### Task:
Transcribe each entry so that it matches the original exactly.
════════════════
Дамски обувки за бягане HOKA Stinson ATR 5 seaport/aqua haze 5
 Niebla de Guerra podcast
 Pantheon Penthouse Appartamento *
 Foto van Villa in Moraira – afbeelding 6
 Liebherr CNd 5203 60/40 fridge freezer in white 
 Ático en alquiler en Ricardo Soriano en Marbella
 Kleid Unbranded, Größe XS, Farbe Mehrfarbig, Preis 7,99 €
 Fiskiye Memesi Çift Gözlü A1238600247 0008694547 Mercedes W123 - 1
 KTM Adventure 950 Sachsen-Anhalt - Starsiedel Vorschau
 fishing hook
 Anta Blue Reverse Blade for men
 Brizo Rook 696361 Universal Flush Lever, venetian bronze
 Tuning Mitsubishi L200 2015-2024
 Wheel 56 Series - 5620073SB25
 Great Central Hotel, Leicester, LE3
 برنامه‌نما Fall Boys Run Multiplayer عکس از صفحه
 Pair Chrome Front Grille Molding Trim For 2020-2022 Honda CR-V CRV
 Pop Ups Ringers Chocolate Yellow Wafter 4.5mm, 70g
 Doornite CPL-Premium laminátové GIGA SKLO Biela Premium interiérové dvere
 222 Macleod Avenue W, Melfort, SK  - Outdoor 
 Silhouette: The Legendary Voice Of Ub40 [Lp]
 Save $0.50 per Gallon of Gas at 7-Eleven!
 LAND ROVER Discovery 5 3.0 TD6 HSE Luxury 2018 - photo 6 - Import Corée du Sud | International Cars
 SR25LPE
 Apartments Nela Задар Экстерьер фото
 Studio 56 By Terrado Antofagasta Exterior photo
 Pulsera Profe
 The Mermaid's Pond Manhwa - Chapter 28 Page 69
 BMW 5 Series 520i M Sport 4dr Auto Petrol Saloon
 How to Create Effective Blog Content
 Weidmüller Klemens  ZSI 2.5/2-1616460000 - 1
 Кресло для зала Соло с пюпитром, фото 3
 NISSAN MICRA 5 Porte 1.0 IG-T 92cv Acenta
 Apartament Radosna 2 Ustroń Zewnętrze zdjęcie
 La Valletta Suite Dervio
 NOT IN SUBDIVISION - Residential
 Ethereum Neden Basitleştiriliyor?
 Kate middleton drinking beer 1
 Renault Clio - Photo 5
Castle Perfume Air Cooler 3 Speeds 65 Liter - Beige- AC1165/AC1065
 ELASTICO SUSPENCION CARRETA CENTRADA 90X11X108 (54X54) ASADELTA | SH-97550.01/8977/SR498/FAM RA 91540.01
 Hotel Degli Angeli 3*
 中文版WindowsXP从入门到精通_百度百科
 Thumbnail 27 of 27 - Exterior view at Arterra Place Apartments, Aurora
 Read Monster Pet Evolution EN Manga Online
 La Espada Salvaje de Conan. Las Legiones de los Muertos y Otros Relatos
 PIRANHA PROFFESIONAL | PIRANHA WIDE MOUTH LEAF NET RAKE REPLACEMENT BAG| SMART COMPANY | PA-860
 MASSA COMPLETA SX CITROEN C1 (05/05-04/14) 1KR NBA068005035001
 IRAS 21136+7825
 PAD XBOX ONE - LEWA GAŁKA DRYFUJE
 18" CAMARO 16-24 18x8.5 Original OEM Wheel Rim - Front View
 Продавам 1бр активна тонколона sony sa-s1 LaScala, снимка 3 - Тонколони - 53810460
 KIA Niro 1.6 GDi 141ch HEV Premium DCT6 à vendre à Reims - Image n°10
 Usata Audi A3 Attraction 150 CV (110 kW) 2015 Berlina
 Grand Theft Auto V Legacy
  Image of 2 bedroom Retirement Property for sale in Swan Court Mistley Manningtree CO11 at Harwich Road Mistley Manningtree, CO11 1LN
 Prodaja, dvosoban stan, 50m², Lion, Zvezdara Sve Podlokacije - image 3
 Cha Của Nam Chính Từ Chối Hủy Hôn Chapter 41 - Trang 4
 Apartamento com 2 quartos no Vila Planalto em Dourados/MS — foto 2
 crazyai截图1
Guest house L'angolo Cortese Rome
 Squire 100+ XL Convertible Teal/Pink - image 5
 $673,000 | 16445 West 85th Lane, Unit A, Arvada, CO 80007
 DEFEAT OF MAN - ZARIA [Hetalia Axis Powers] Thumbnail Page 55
════════════════
### Task output:
Дамски обувки за бягане HOKA Stinson ATR 5 seaport/aqua haze 5
 Niebla de Guerra podcast
 Pantheon Penthouse Appartamento *
 Foto van Villa in Moraira – afbeelding 6
 Liebherr CNd 5203 60/40 fridge freezer in white 
 Ático en alquiler en Ricardo Soriano en Marbella
 Kleid Unbranded, Größe XS, Farbe Mehrfarbig, Preis 7,99 €
 Fiskiye Memesi Çift Gözlü A1238600247 0008694547 Mercedes W123 - 1
 KTM Adventure 950 Sachsen-Anhalt - Starsiedel Vorschau
 fishing hook
 Anta Blue Reverse Blade for men
 Brizo Rook 696361 Universal Flush Lever, venetian bronze
 Tuning Mitsubishi L200 2015-2024
 Wheel 56 Series - 5620073SB25
 Great Central Hotel, Leicester, LE3
 برنامه‌نما Fall Boys Run Multiplayer عکس از صفحه
 Pair Chrome Front Grille Molding Trim For 2020-2022 Honda CR-V CRV
 Pop Ups Ringers Chocolate Yellow Wafter 4.5mm, 70g
 Doornite CPL-Premium laminátové GIGA SKLO Biela Premium interiérové dvere
 222 Macleod Avenue W, Melfort, SK  - Outdoor 
 Silhouette: The Legendary Voice Of Ub40 [Lp]
 Save $0.50 per Gallon of Gas at 7-Eleven!
 LAND ROVER Discovery 5 3.0 TD6 HSE Luxury 2018 - photo 6 - Import Corée du Sud | International Cars
 SR25LPE
 Apartments Nela Задар Экстерьер фото
 Studio 56 By Terrado Antofagasta Exterior photo
 Pulsera Profe
 The Mermaid's Pond Manhwa - Chapter 28 Page 69
 BMW 5 Series 520i M Sport 4dr Auto Petrol Saloon
 How to Create Effective Blog Content
 Weidmüller Klemens  ZSI 2.5/2-1616460000 - 1
 Кресло для зала Соло с пюпитром, фото 3
 NISSAN MICRA 5 Porte 1.0 IG-T 92cv Acenta
 Apartament Radosna 2 Ustroń Zewnętrze zdjęcie
 La Valletta Suite Dervio
 NOT IN SUBDIVISION - Residential
 Ethereum Neden Basitleştiriliyor?
 Kate middleton drinking beer 1
 Renault Clio - Photo 5
Castle Perfume Air Cooler 3 Speeds 65 Liter - Beige- AC1165/AC1065
 ELASTICO SUSPENCION CARRETA CENTRADA 90X11X108 (54X54) ASADELTA | SH-97550.01/8977/SR498/FAM RA 91540.01
 Hotel Degli Angeli 3*
 中文版WindowsXP从入门到精通_百度百科
 Thumbnail 27 of 27 - Exterior view at Arterra Place Apartments, Aurora
 Read Monster Pet Evolution EN Manga Online
 La Espada Salvaje de Conan. Las Legiones de los Muertos y Otros Relatos
 PIRANHA PROFFESIONAL | PIRANHA WIDE MOUTH LEAF NET RAKE REPLACEMENT BAG| SMART COMPANY | PA-860
 MASSA COMPLETA SX CITROEN C1 (05/05-04/14) 1KR NBA068005035001
 IRAS 21136+7825
 PAD XBOX ONE - LEWA GAŁKA DRYFUJE
 18" CAMARO 16-24 18x8.5 Original OEM Wheel Rim - Front View
 Продавам 1бр активна тонколона sony sa-s1 LaScala, снимка 3 - Тонколони - 53810460
 KIA Niro 1.6 GDi 141ch HEV Premium DCT6 à vendre à Reims - Image n°10
 Usata Audi A3 Attraction 150 CV (110 kW) 2015 Berlina
 Grand Theft Auto V Legacy
  Image of 2 bedroom Retirement Property for sale in Swan Court Mistley Manningtree CO11 at Harwich Road Mistley Manningtree, CO11 1LN
 Prodaja, dvosoban stan, 50m², Lion, Zvezdara Sve Podlokacije - image 3
 Cha Của Nam Chính Từ Chối Hủy Hôn Chapter 41 - Trang 4
 Apartamento com 2 quartos no Vila Planalto em Dourados/MS — foto 2
 crazyai截图1
Guest house L'angolo Cortese Rome
 Squire 100+ XL Convertible Teal/Pink - image 5
 $673,000 | 16445 West 85th Lane, Unit A, Arvada, CO 80007
 DEFEAT OF MAN - ZARIA [Hetalia Axis Powers] Thumbnail Page 55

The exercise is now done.